▸ **YOUR OBJECTIVE**
Set each entry down verbatim, omitting images.

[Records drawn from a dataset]
+++++
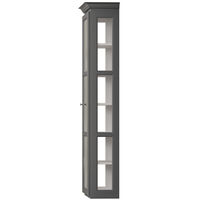 V4 Vitrineskap Anthracite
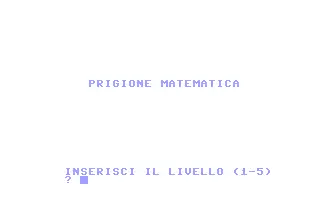 jeu Prigione Matematica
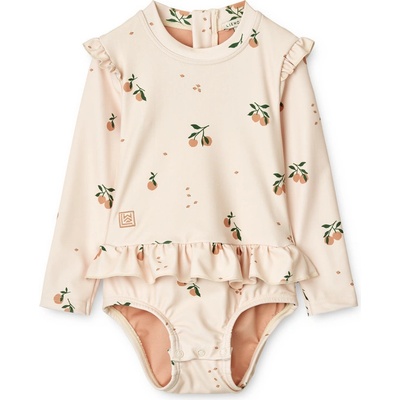 Plavky Sille Baby s UPF + Peach Sea shell Liewood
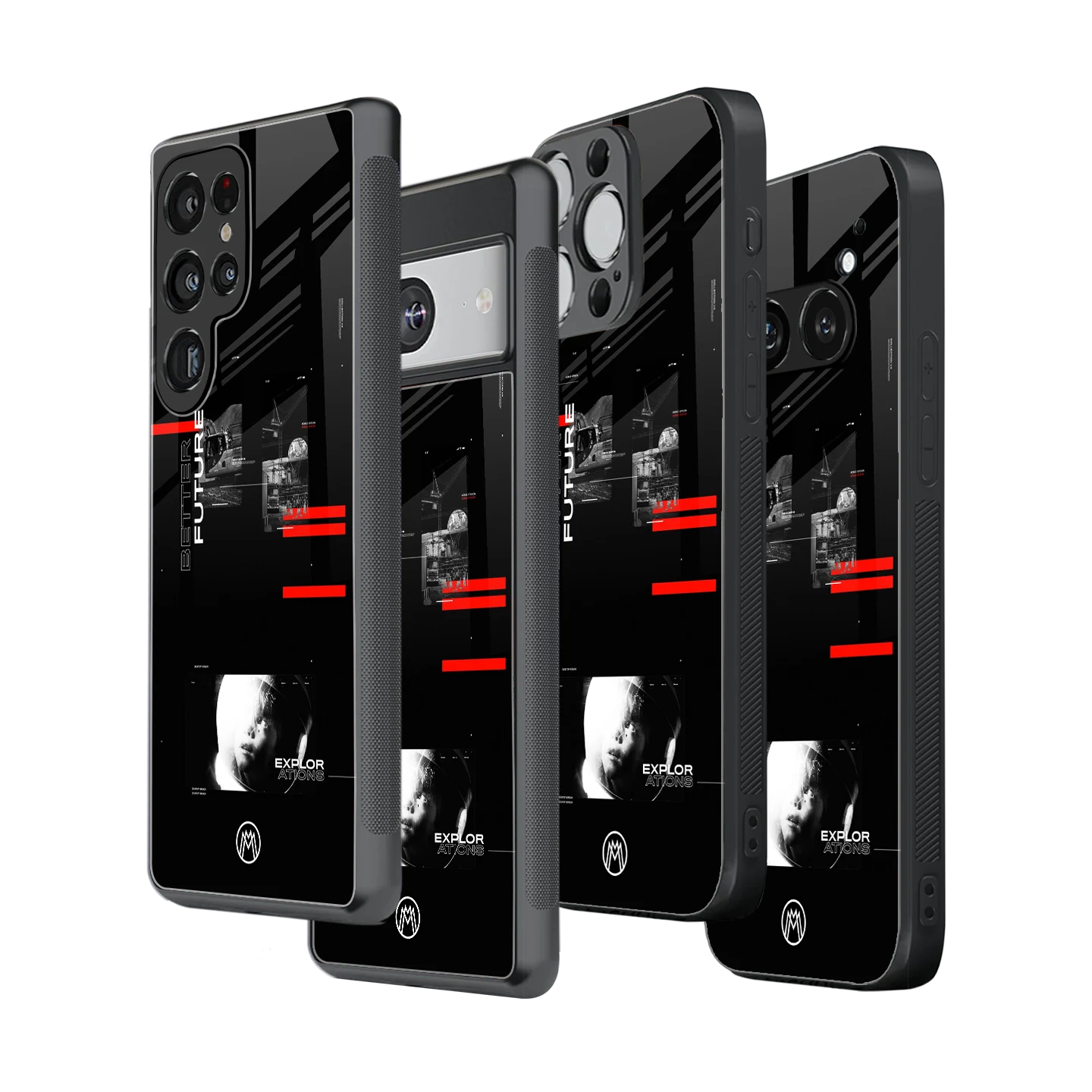 Stylish Glass Back Case for All Smartphones โ iPhone, Samsung, OnePlus, Pixel, Redmi, Oppo, Vivo, Motorola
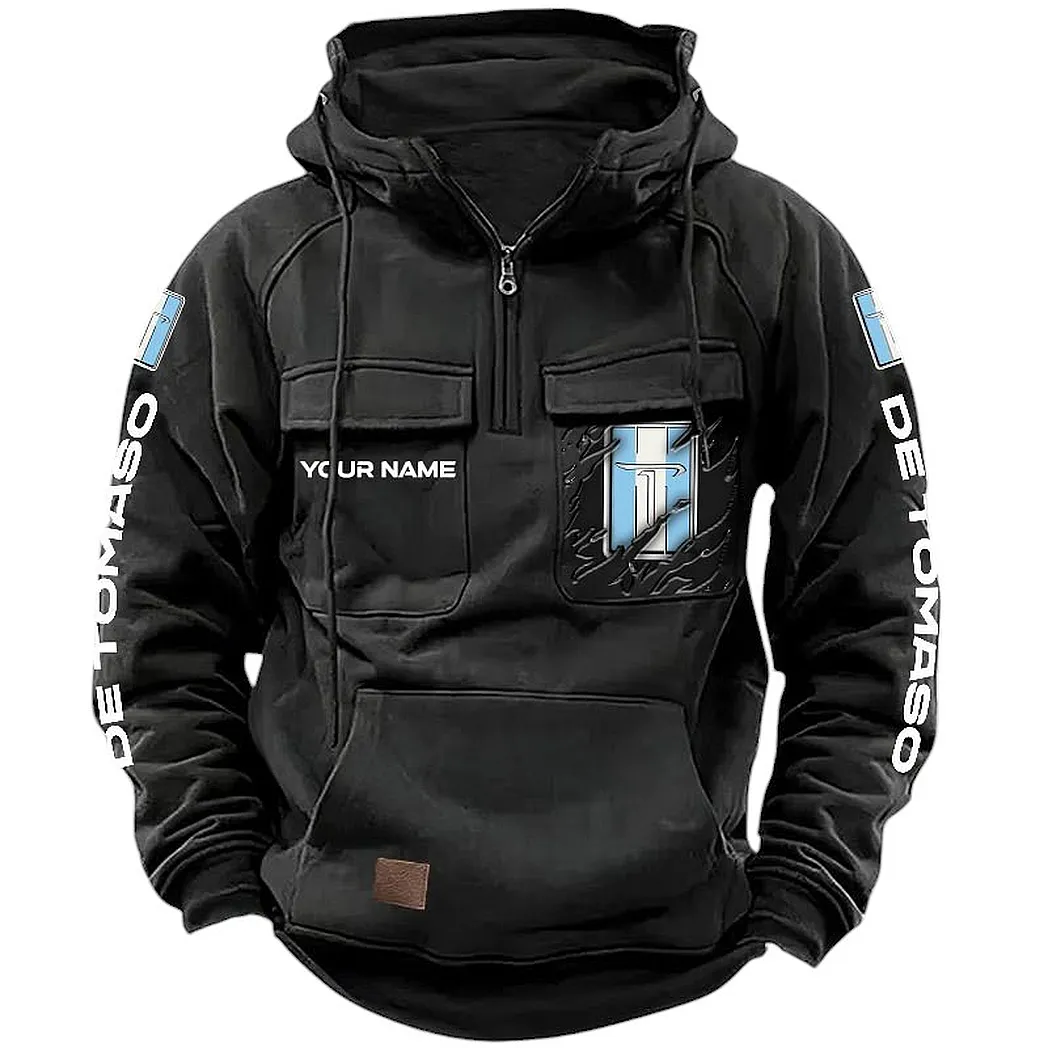De Tomaso Hoodie Tactical Quarter Zip, Gift For De Tomaso Lovers CAR164022425151 - Black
+++++
▸ **REPLY**
 V4 Vitrineskap Anthracite
 jeu Prigione Matematica
 Plavky Sille Baby s UPF + Peach Sea shell Liewood
 Stylish Glass Back Case for All Smartphones โ iPhone, Samsung, OnePlus, Pixel, Redmi, Oppo, Vivo, Motorola
De Tomaso Hoodie Tactical Quarter Zip, Gift For De Tomaso Lovers CAR164022425151 - Black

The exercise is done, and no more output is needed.